Landfill tax cash to be recycled back into waste industry

Millions of pounds raised by the Landfill Tax is going to be recycled back into the industry by helping businesses to tackle waste issues, the Government announced this week.

Named the Business Resource Efficiency and Waste (BREW) fund, the programme, worth £284 million, will form part of Defra’s five-year plan for improving the local and global environment, due to be announced next month.

The BREW fund will particularly target waste minimisation, the diversion of waste away from landfill, and making improvements in resource efficiency.

Scheduled to formally launch in April 2005, the first raft of funding will be worth £43 million and will be awarded to organisations including Envirowise, WRAP, the Environment Agency, the Carbon Trust and the National Industrial Symbiosis Programme (NSIP).

Secretary of State for Environment, Food and Rural Affairs Margaret Beckett said the project was aimed to encourage more sustainable production processes for businesses of all sizes.
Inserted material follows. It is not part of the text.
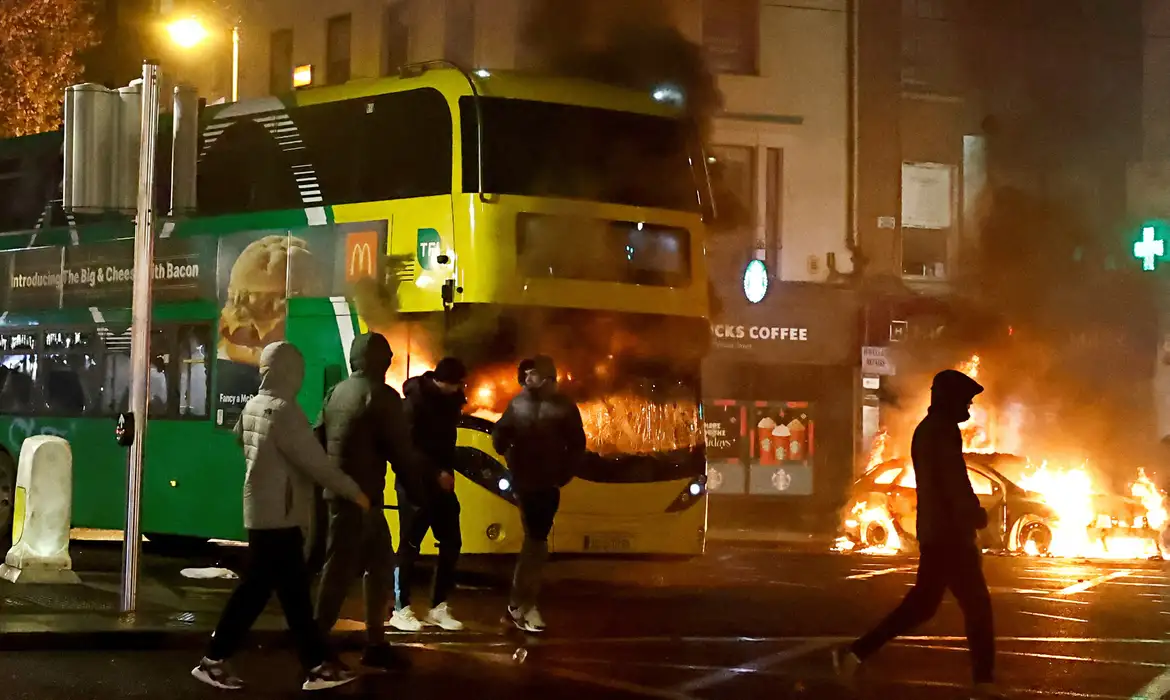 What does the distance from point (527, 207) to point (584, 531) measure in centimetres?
268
“If businesses use these services they should be able to recoup the increasing costs of landfill by reducing the amount of waste they send to landfill as well as driving down energy use – all of which should help them become more competitive through cash savings and increasing resource efficiency,” Ms Beckett stated.

The director of business environment at the Confederation of British Industry (CBI) Michael Roberts welcomed Defra’s announcement, saying it was appropriate for revenue from the Landfill Tax to help businesses become more environmentally efficient and cut down waste production.

“A number of the schemes which will benefit from the funding are already used by companies, but they expect the money to be spent as efficiently as possible,” Mr Roberts said. “It is important that Defra puts in place robust systems to make sure that as much as possible of the money taken from companies in tax is used to directly benefit them.”

A steering committee of business representatives has been put in place to monitor and advise the BREW programme as it develops.